I suggest rather than leasing, look to buy. There are a lot of used car dealers in the Chicago area that deal with bad credit. It may be possible to get a car for a lot less than with a lease. Car will be older but get one that will meet Uber's age requirements for a few years.


----------



## ZoomZoom12 (Mar 14, 2017)

I know someone who drives full time with an xchange lease..its really not as horrible as it seems.

Pros:
-unlimited mileage means you dont bite the cost of depreciation and wear and tear on your car
-your only expense is gas and insurance which shouldn't total more than 80-100/week
-The lease covers maintenance and I believe basic repairs (don't know exact details but I know there is basic coverage)

Cons:
-expensive, anywhere from 100-200 per week. If you can find something 3-4 years old you might be able to stay under 120/week
-must drive alot. Since you said you are doing it full time, if you know your city well and how to position yourself in surge areas, you could reasonably do between 700-1000 per week driving 40-50 hrs.

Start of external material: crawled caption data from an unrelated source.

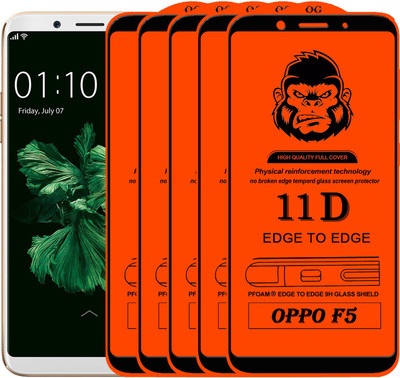 Xester Edge To Edge Tempered Glass for Oppo F5(Pack of 5)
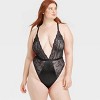 Women's Unlined Lace Lingerie Bodysuit - Auden™ - 4 of 4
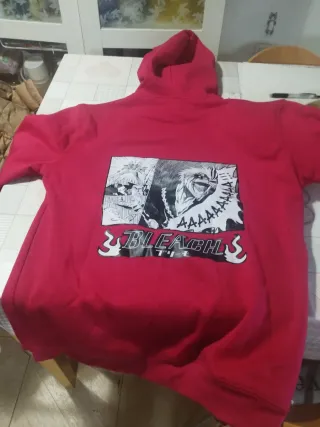 Sudadera Roja Anime Bleach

If you feel confident in your earning ability, then you might be able to profit 500-600 per week. Only you know if that is enough for you to live on. You can also do lyft with your uber lease to maximize your time. 

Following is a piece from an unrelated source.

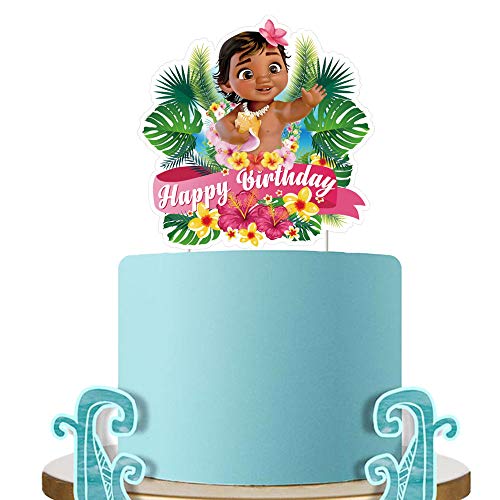 1 Moana Cake Topper Cupcake Decorations Birthday Party Topper for Children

Now if you don't mind having an obligation for the next 4-5 years, see if you can get financed for a cheap fuel efficient car, at most with horrible credit and a decent down payment your monthly cost for your vehicle will be half as much as an uber lease. So in short, think about all of your circumstances (monthly expenses, future employment outlook, etc..) and don't make a quick decision without considering every aspect.


----------